The New Jersey Attitude


We (New Jersians) are called arrogant, obnoxious, rude, crude, brash . . . and more! But we don't care because we know that unless you're from New Jersey, you know how to not care about that. We just don't care what you say about us. We like the fact that you don't want to live here. What, did you think we didn't put all those oil refineries and dumps and broken down warehouses around Newark Liberty Airport for no reason? That's what most people think New Jersey is ... and we like it that way. Do you think we want you to know about all the great secret places there are in New Jersey so you may actually want to move here? Not on your life! (http://www.njattitude.com/)

It took me a while-- in fact, it bogged down this blog for many months, but I'm finally ready to say it: the New Jersey attitude is real, and it sucks.

You know what I mean when I talk about the New Jersey attitude. If you don't, please check out the link above.

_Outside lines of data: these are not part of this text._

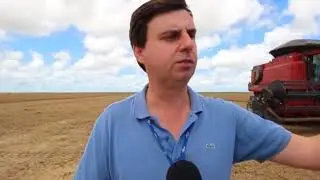 Produ&ccedil;&atilde;o de gr&atilde;os na regi&atilde;o do SEALBA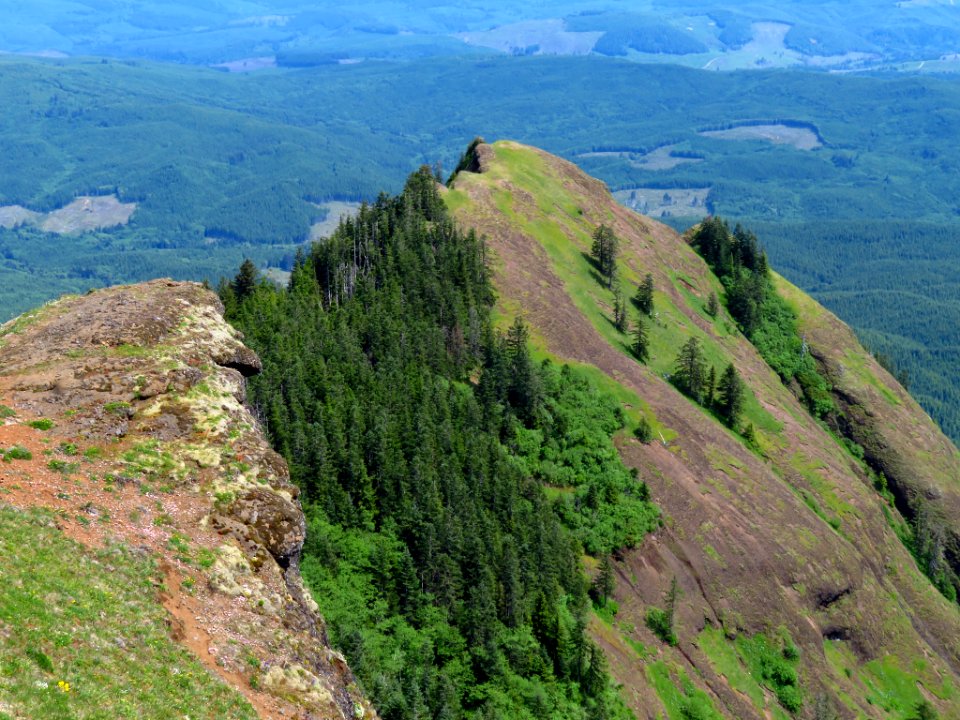 Saddle Mountain Trail in OR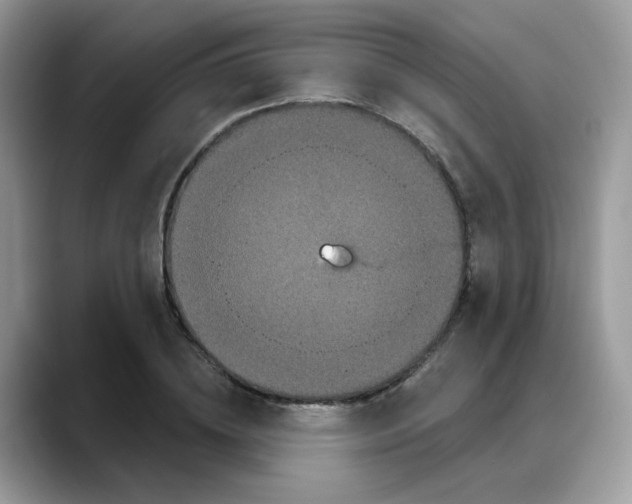 X0000088140836200706111424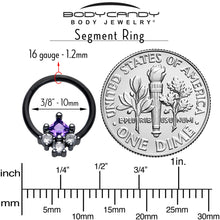 将图片加载到图库查看器，16G 3/8 Purple CZ Gem Black Rhombus Riot Hinged Segment Ring
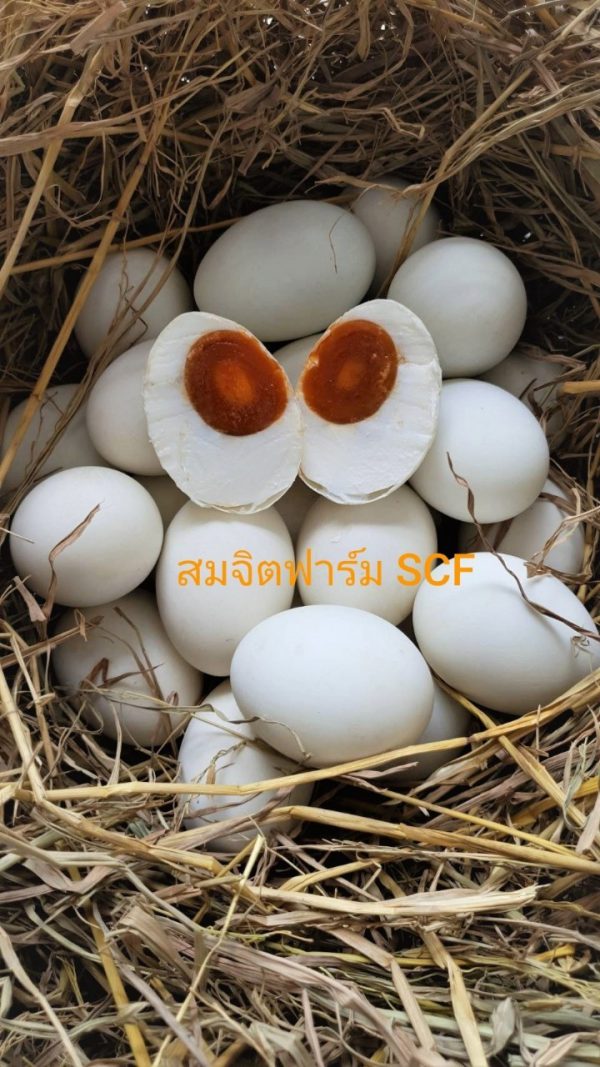 ไข่เค็ม - Image 4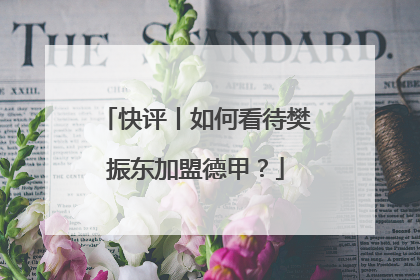 快评丨如何看待樊振东加盟德甲？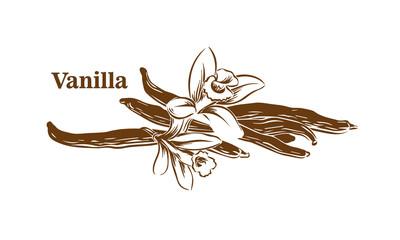 Vanilla graphic vector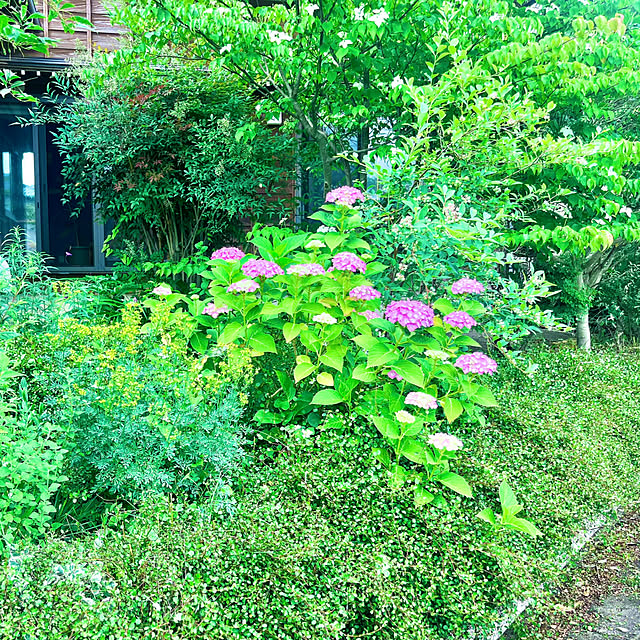 Erikoさんの部屋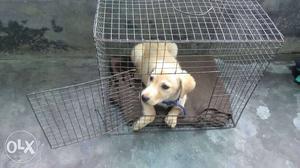 Yellow Labrador Retriever Puppy In Grey Cage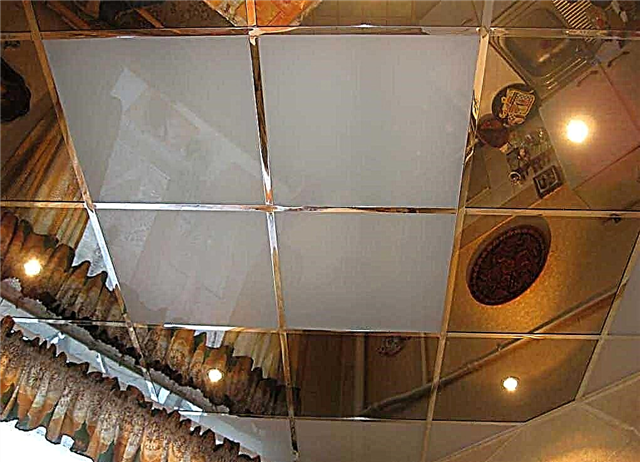 Decoración de techo con paneles de plástico PVC.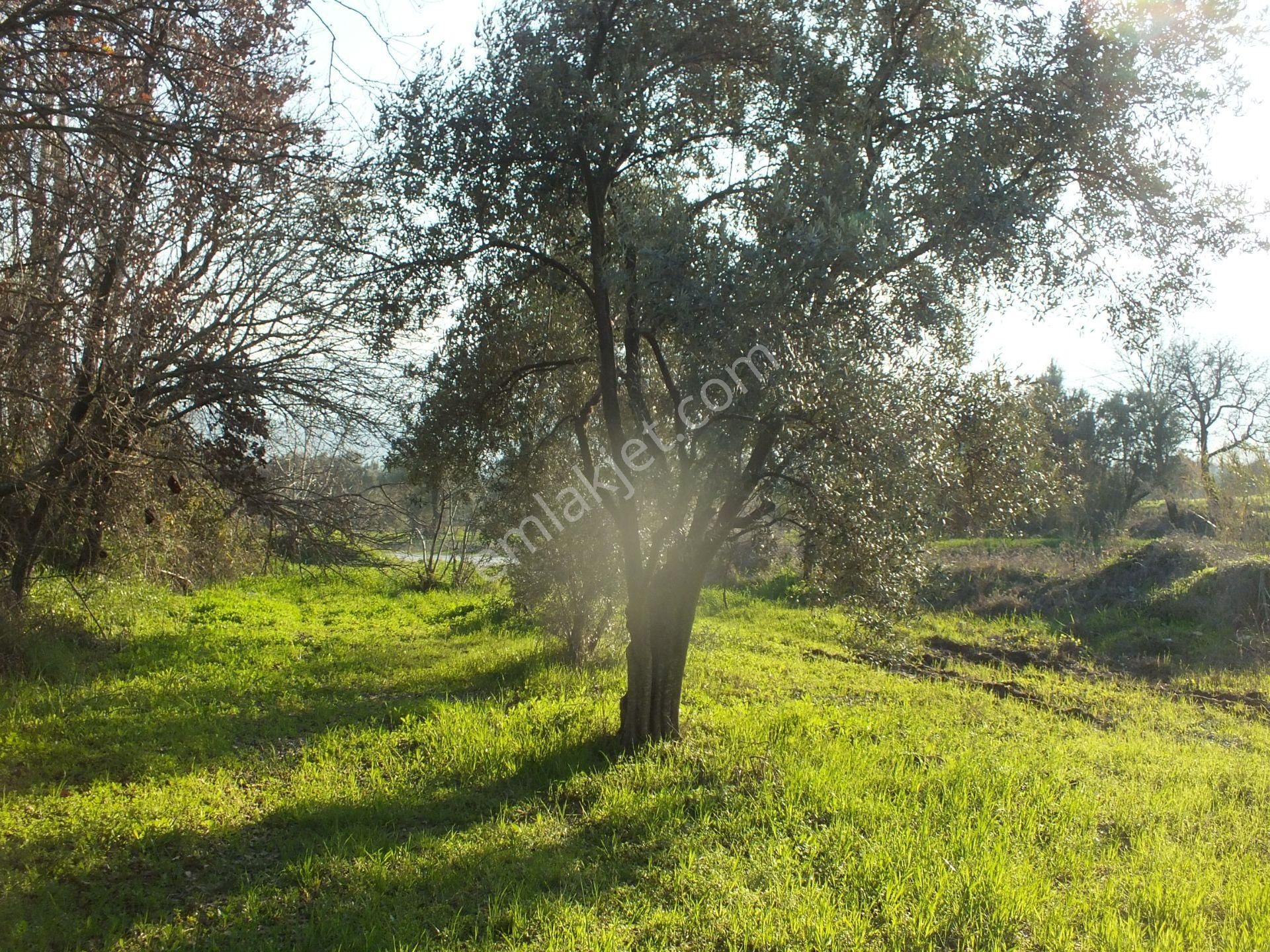 Bozdoğan Ziyaretli Mahallesinde Satılık Yol Kenari Arazi - Görsel 8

I'm from the South, and most people there (even the transplants) are unfailingly polite. They show consideration for others. They smile and wave when they pass others on the street. They say please and thank you. They will offer to let you go first. They don't honk if someone is a half-second slow in getting away from a traffic light. They don't obstruct doorways. They have manners.

Even before I moved to New Jersey I had heard about the attitude there. I was prepared for the rumors not to be true, but you know, I finally had to admit they were.

My impression of New Jersey is that people here tend to be rude-- or rather, more people here are rude than other places I've lived-- yet I don't think it's something as simply as rudeness.There's an element of blue collar dignity involved, and self protection-- a Ratso Rizzo "I'm walking here!" sort of thing-- and an obliviousness or lack of caring about others.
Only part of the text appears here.